## [INSTRUCTIONS FOR THE TASK]
With nothing added and nothing dropped, write out all of the entries below.

## [SOURCE DATA]
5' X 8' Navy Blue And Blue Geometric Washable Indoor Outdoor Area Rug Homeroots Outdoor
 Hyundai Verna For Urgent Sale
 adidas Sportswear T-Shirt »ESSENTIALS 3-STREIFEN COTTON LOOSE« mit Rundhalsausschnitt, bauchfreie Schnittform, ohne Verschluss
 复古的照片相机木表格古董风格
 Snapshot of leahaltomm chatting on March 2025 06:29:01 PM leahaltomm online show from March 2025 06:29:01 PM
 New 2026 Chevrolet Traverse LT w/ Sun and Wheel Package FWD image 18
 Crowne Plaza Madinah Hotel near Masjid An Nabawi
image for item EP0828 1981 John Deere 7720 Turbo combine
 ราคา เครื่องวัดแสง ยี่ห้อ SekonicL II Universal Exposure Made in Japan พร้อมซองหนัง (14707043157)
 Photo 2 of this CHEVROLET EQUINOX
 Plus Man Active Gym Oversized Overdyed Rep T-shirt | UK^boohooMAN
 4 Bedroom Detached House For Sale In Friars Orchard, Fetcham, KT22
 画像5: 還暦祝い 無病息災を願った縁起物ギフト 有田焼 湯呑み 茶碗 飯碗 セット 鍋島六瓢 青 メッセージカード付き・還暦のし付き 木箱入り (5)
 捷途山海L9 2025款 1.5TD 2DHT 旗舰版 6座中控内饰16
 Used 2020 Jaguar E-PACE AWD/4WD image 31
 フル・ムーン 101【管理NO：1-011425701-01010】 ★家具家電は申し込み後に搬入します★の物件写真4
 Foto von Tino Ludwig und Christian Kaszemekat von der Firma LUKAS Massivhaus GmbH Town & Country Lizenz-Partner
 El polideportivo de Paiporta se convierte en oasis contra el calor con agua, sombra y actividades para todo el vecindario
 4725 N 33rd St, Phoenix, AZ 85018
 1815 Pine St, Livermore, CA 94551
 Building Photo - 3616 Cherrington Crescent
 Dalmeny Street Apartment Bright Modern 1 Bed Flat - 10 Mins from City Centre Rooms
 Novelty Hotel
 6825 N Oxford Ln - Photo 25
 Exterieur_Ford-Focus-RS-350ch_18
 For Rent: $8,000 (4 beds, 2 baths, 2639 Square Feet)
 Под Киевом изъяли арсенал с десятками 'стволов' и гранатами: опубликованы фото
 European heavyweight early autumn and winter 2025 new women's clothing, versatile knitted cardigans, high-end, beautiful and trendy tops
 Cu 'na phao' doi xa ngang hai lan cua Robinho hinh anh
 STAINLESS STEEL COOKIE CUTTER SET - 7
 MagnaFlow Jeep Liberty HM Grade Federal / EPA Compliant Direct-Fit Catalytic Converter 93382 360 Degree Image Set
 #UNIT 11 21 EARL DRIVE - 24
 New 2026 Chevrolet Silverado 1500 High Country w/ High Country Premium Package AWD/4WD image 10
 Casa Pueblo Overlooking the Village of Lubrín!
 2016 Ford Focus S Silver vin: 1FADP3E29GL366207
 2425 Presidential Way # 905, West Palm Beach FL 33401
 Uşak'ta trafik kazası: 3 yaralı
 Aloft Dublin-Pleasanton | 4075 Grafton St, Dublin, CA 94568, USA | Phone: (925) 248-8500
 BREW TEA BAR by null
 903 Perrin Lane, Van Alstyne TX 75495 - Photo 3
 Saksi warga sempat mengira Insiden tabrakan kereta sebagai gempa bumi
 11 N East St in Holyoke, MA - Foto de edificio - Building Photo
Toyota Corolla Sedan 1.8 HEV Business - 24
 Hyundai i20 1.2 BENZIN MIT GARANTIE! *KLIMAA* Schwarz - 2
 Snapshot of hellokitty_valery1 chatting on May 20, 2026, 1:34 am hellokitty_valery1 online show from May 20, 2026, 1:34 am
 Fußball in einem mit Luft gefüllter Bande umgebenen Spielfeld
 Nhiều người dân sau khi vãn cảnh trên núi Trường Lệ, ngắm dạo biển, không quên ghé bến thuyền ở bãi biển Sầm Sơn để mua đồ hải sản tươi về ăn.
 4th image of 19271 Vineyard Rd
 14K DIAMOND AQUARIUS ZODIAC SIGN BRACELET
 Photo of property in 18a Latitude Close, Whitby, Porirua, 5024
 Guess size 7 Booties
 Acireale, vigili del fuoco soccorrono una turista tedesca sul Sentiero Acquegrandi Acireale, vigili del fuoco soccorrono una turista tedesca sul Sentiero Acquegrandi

## [TASK RESPONSE]
5' X 8' Navy Blue And Blue Geometric Washable Indoor Outdoor Area Rug Homeroots Outdoor
 Hyundai Verna For Urgent Sale
 adidas Sportswear T-Shirt »ESSENTIALS 3-STREIFEN COTTON LOOSE« mit Rundhalsausschnitt, bauchfreie Schnittform, ohne Verschluss
 复古的照片相机木表格古董风格
 Snapshot of leahaltomm chatting on March 2025 06:29:01 PM leahaltomm online show from March 2025 06:29:01 PM
 New 2026 Chevrolet Traverse LT w/ Sun and Wheel Package FWD image 18
 Crowne Plaza Madinah Hotel near Masjid An Nabawi
image for item EP0828 1981 John Deere 7720 Turbo combine
 ราคา เครื่องวัดแสง ยี่ห้อ SekonicL II Universal Exposure Made in Japan พร้อมซองหนัง (14707043157)
 Photo 2 of this CHEVROLET EQUINOX
 Plus Man Active Gym Oversized Overdyed Rep T-shirt | UK^boohooMAN
 4 Bedroom Detached House For Sale In Friars Orchard, Fetcham, KT22
 画像5: 還暦祝い 無病息災を願った縁起物ギフト 有田焼 湯呑み 茶碗 飯碗 セット 鍋島六瓢 青 メッセージカード付き・還暦のし付き 木箱入り (5)
 捷途山海L9 2025款 1.5TD 2DHT 旗舰版 6座中控内饰16
 Used 2020 Jaguar E-PACE AWD/4WD image 31
 フル・ムーン 101【管理NO：1-011425701-01010】 ★家具家電は申し込み後に搬入します★の物件写真4
 Foto von Tino Ludwig und Christian Kaszemekat von der Firma LUKAS Massivhaus GmbH Town & Country Lizenz-Partner
 El polideportivo de Paiporta se convierte en oasis contra el calor con agua, sombra y actividades para todo el vecindario
 4725 N 33rd St, Phoenix, AZ 85018
 1815 Pine St, Livermore, CA 94551
 Building Photo - 3616 Cherrington Crescent
 Dalmeny Street Apartment Bright Modern 1 Bed Flat - 10 Mins from City Centre Rooms
 Novelty Hotel
 6825 N Oxford Ln - Photo 25
 Exterieur_Ford-Focus-RS-350ch_18
 For Rent: $8,000 (4 beds, 2 baths, 2639 Square Feet)
 Под Киевом изъяли арсенал с десятками 'стволов' и гранатами: опубликованы фото
 European heavyweight early autumn and winter 2025 new women's clothing, versatile knitted cardigans, high-end, beautiful and trendy tops
 Cu 'na phao' doi xa ngang hai lan cua Robinho hinh anh
 STAINLESS STEEL COOKIE CUTTER SET - 7
 MagnaFlow Jeep Liberty HM Grade Federal / EPA Compliant Direct-Fit Catalytic Converter 93382 360 Degree Image Set
 #UNIT 11 21 EARL DRIVE - 24
 New 2026 Chevrolet Silverado 1500 High Country w/ High Country Premium Package AWD/4WD image 10
 Casa Pueblo Overlooking the Village of Lubrín!
 2016 Ford Focus S Silver vin: 1FADP3E29GL366207
 2425 Presidential Way # 905, West Palm Beach FL 33401
 Uşak'ta trafik kazası: 3 yaralı
 Aloft Dublin-Pleasanton | 4075 Grafton St, Dublin, CA 94568, USA | Phone: (925) 248-8500
 BREW TEA BAR by null
 903 Perrin Lane, Van Alstyne TX 75495 - Photo 3
 Saksi warga sempat mengira Insiden tabrakan kereta sebagai gempa bumi
 11 N East St in Holyoke, MA - Foto de edificio - Building Photo
Toyota Corolla Sedan 1.8 HEV Business - 24
 Hyundai i20 1.2 BENZIN MIT GARANTIE! *KLIMAA* Schwarz - 2
 Snapshot of hellokitty_valery1 chatting on May 20, 2026, 1:34 am hellokitty_valery1 online show from May 20, 2026, 1:34 am
 Fußball in einem mit Luft gefüllter Bande umgebenen Spielfeld
 Nhiều người dân sau khi vãn cảnh trên núi Trường Lệ, ngắm dạo biển, không quên ghé bến thuyền ở bãi biển Sầm Sơn để mua đồ hải sản tươi về ăn.
 4th image of 19271 Vineyard Rd
 14K DIAMOND AQUARIUS ZODIAC SIGN BRACELET
 Photo of property in 18a Latitude Close, Whitby, Porirua, 5024
 Guess size 7 Booties
 Acireale, vigili del fuoco soccorrono una turista tedesca sul Sentiero Acquegrandi Acireale, vigili del fuoco soccorrono una turista tedesca sul Sentiero Acquegrandi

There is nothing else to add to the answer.